David Richards : C’est un album qui s’inspire davantage des styles lounge et chill out, ces musique qui sont jouées dans les boîtes de nuit à la fin de la soirée. Même si l’élément classique demeure.

– Nathalie Manser: Le premier disque affichait différents genres: world, techno, même quelques rythmes rap. On se cherchait un peu. Après le spectacle de Montreux, une tournée au Japon et plusieurs concerts en France, nous avons pu voir ce qui plaisait aux spectateurs. Finalement, «Alpha Centauri» est plus uni, moins éclectique que «Les Anges». Nous avons voulu nous renouveler mais sans tomber dans les clichés de la musique world instrumentale.

-Sur le titre «Gaïa», Vous ouvrez à nouveau vos micros aux voix des Amérindiens…

– NM: J’ai toujours été fascinée par les Indiens d’Amérique. Par leur respect pour la nature, pour l’homme. Des valeurs qu’on a un peu perdues par ici. Notre musique reste inspirée par les cultures ancestrales. On aime bien aussi mélanger les époques: dans un morceau, le duduck, une très vieille flûte, se mêle aux sonorités électroniques.

-… et, selon votre dossier de presse, vous faites aussi chanter les étoiles?

– DR: Nous avons eu le privilège de collaborer avec l’astronome Garik Israelian ainsi qu’avec une équipe de l’Observatoire de Genève. Il n’y a pas de son dans l’espace, mais ces astronomes ont découvert que chaque étoile a une résonance très lente qui lui est propre, une sorte de signature. Nous avons songé à mettre ces vibrations dans un spectre audio. La première fois que j’ai entendu le résultat, ça m’a fait penser à une grosse chaudière! (rires) Et en filtrant ces sons, je suis parvenu à les rendre harmonieux.

– Dans un registre beaucoup plus classique, vous reprenez le «Boléro» de Ravel. Pourquoi?

-NM: C’est le tourneur qui a s’occupe des productions du Ballet du Bolchoï qui nous l’a demandé en vue d’une éventuelle c collaboration. Nous avons dû demander la permission à la famille Ravel. Interprété au violoncelle, le «Boléro» est très sensuel…

– DR, l’interrompant l’œil égrillard: Mais il est totalement érotique, ce morceau!

– Et si vous deviez définir le son du violoncelle?

– DR: Il est proche de la voix humaine, capable de descendre très bas et de monter très haut. C’est un instrument très difficile à enregistrer: en bougeant le micro de 2 centimètres, le son peut totalement changer.

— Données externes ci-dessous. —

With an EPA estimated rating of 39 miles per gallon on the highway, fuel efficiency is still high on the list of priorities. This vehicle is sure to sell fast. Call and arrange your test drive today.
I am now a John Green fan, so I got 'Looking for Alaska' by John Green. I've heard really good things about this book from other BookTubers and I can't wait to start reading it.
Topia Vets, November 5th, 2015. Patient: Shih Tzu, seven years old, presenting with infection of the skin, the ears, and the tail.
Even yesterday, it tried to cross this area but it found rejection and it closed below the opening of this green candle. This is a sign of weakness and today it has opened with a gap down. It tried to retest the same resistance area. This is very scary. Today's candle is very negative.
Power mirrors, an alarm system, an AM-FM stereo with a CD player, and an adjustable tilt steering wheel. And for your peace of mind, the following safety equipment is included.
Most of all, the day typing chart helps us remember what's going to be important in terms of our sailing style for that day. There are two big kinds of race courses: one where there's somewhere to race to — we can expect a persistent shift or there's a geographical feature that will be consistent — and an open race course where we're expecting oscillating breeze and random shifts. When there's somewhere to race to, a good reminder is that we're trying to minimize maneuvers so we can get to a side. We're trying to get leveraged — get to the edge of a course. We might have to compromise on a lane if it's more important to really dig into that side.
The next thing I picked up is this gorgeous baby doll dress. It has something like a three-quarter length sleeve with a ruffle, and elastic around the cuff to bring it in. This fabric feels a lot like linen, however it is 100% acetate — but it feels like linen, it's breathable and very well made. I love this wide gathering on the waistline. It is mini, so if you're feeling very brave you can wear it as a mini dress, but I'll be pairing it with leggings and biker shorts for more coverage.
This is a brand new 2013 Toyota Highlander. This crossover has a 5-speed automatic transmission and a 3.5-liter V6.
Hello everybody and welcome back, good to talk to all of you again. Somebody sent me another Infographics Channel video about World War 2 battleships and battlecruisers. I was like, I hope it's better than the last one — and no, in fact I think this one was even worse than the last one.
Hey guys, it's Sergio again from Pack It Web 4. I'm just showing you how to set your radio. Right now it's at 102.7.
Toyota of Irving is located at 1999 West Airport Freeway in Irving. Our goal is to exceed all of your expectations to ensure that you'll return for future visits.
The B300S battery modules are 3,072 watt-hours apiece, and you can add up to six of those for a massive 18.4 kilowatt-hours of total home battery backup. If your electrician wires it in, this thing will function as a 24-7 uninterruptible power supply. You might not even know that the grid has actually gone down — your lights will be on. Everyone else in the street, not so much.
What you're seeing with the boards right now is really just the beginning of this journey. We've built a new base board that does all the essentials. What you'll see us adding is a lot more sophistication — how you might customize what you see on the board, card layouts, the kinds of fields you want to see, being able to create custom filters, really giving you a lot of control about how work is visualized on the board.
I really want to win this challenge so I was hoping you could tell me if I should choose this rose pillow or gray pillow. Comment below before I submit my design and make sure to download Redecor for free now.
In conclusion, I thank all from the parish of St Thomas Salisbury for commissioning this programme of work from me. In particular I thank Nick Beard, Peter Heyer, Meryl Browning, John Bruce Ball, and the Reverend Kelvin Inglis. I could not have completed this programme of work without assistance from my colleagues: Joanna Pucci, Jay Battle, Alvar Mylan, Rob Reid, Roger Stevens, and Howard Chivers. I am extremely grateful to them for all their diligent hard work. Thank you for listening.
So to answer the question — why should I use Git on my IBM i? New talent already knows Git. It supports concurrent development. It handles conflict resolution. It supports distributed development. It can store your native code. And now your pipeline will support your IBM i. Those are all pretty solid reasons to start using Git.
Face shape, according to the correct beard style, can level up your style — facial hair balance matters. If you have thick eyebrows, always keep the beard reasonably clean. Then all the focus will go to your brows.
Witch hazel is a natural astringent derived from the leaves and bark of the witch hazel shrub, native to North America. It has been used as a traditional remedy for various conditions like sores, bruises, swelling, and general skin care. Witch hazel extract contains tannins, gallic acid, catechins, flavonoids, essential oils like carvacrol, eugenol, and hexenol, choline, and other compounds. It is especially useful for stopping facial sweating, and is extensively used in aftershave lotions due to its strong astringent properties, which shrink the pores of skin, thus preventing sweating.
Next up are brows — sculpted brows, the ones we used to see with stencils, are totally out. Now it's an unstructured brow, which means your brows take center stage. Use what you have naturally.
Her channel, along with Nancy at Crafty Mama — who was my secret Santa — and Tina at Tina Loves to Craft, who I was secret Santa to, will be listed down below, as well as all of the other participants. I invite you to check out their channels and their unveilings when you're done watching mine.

– NM: Mais parfois, à vouloir ai tout rectifier, on perd en spontanéité. Ce qui sort de mon violoncelle me dépasse parfois. J’ai l’impression que l’inspiration vient d’ailleurs.

-Nathalie, que pensent de votre musique ceux que vous avez côtoyés dans le milieu classique ?

-NM: J ai des tans dans le classique, il y a du respect pour ce que je fais. D’ailleurs certains luthiers ont acheté mon premier disque…

– L’association musique classique / arrangements modernes accouche parfois de mélodies aussi commerciales que pompeuses. Comment éviter cet écueil?

-NM: Je ne pourrais jamais faire du «Rondo Veneziano» par exemple. Les excentricités de la violoniste Vanessa Mae ne sont pas ma tasse de thé non plus. Ce que Dave et moi jouons, c’est du commercial. Mais du commercial authentique.